For homebuyer mortgages, the drop in volume is “strictly an inventory issue,” Fulton said.

“People are willing to pay six to seven percent if they can find a home,” he said. “The problem is, now they can’t find a home, and we are a Connecticut-based lender.”

Jason McConnell, vice president, residential lending manager with GSB, said the $1.1 billion-asset bank made a conscious effort early on to address leaner times ahead.

The bank launched a direct lending channel, the GSB Lending Center, that aims to make it easier for customers to get mortgage, home equity and other lending products primarily via phone or email, while also lowering the bank’s expenses.

Staff will still meet in person with customers if they prefer, McConnell said.

The residential real estate market isn’t impacting GSB’s staffing needs, which will actually grow in the months ahead. The bank aims to hire this fall to grow its Lending Center.

“There is a huge demand for home equity loans and lines, so we have been really focused on capturing that business from existing and prospective clients,” McConnell said.

New construction-to-permanent loans are also a focus for GSB, he said, as housing starts are at all-time highs.

GSB’s residential first mortgage portfolio was at about $387 million as of May 31, up $20 million from the end of last year, according to Fulton.

Hartford County growth

Michael Sheahan, executive vice president, chief lending officer at Chelsea Groton Bank, said his lender’s residential lending business is still doing “very well.”

“While refinance volume is down, our purchase mortgage, construction, land, and home equity volumes continue to grow in New London, Hartford and other counties throughout Connecticut and Rhode Island,” Sheahan said.

The $1.6-billion asset bank’s partnership with Federal Home Loan Banks and the Connecticut Housing Finance Authority to offer down-payment assistance grants and loans has helped boost purchase volume, he said.

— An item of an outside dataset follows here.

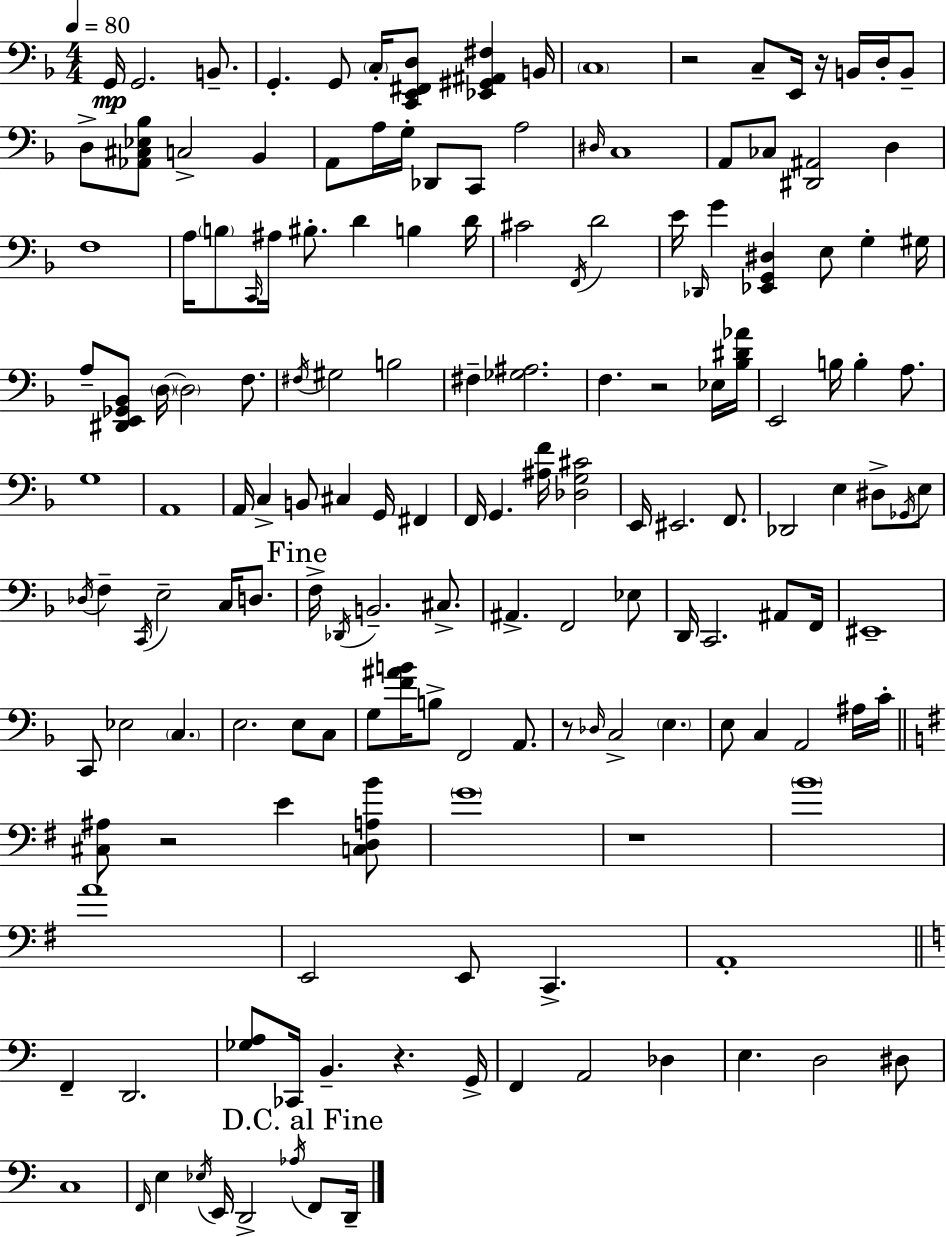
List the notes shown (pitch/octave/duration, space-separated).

G2/s G2/h. B2/e. G2/q. G2/e C3/s [C2,E2,F#2,D3]/e [Eb2,G#2,A#2,F#3]/q B2/s C3/w R/h C3/e E2/s R/s B2/s D3/s B2/e D3/e [Ab2,C#3,Eb3,Bb3]/e C3/h Bb2/q A2/e A3/s G3/s Db2/e C2/e A3/h D#3/s C3/w A2/e CES3/e [D#2,A#2]/h D3/q F3/w A3/s B3/e C2/s A#3/s BIS3/e. D4/q B3/q D4/s C#4/h F2/s D4/h E4/s Db2/s G4/q [Eb2,G2,D#3]/q E3/e G3/q G#3/s A3/e [D#2,E2,Gb2,Bb2]/e D3/s D3/h F3/e. F#3/s G#3/h B3/h F#3/q [Gb3,A#3]/h. F3/q. R/h Eb3/s [Bb3,D#4,Ab4]/s E2/h B3/s B3/q A3/e. G3/w A2/w A2/s C3/q B2/e C#3/q G2/s F#2/q F2/s G2/q. [A#3,F4]/s [Db3,G3,C#4]/h E2/s EIS2/h. F2/e. Db2/h E3/q D#3/e Gb2/s E3/e Db3/s F3/q C2/s E3/h C3/s D3/e. F3/s Db2/s B2/h. C#3/e. A#2/q. F2/h Eb3/e D2/s C2/h. A#2/e F2/s EIS2/w C2/e Eb3/h C3/q. E3/h. E3/e C3/e G3/e [F4,A#4,B4]/s B3/e F2/h A2/e. R/e Db3/s C3/h E3/q. E3/e C3/q A2/h A#3/s C4/s [C#3,A#3]/e R/h E4/q [C3,D3,A3,B4]/e G4/w R/w B4/w A4/w E2/h E2/e C2/q. A2/w F2/q D2/h. [Gb3,A3]/e CES2/s B2/q. R/q. G2/s F2/q A2/h Db3/q E3/q. D3/h D#3/e C3/w F2/s E3/q Eb3/s E2/s D2/h Ab3/s F2/e D2/s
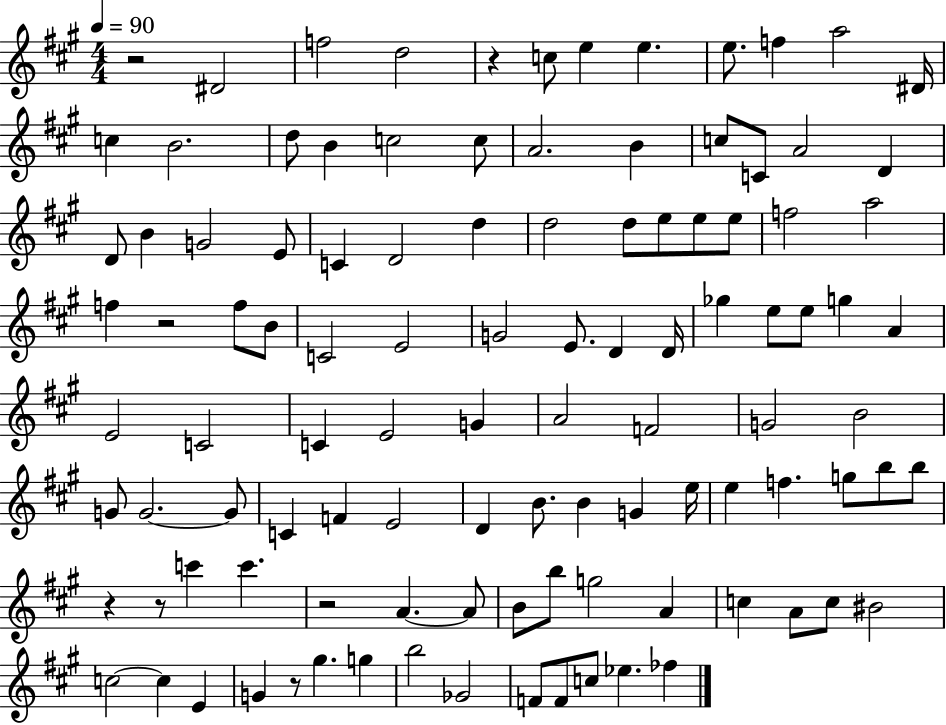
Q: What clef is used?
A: treble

While some mortgage lenders have laid off employees, Chelsea Groton Bank hasn’t, Sheahan said.

“In fact, we’ve added another experienced residential lender to our team to focus on the Glastonbury area market as our market share continues to grow in Hartford County,” Sheahan said. “We’ve maintained all of our team members that support our residential lending program throughout Connecticut and Rhode Island.”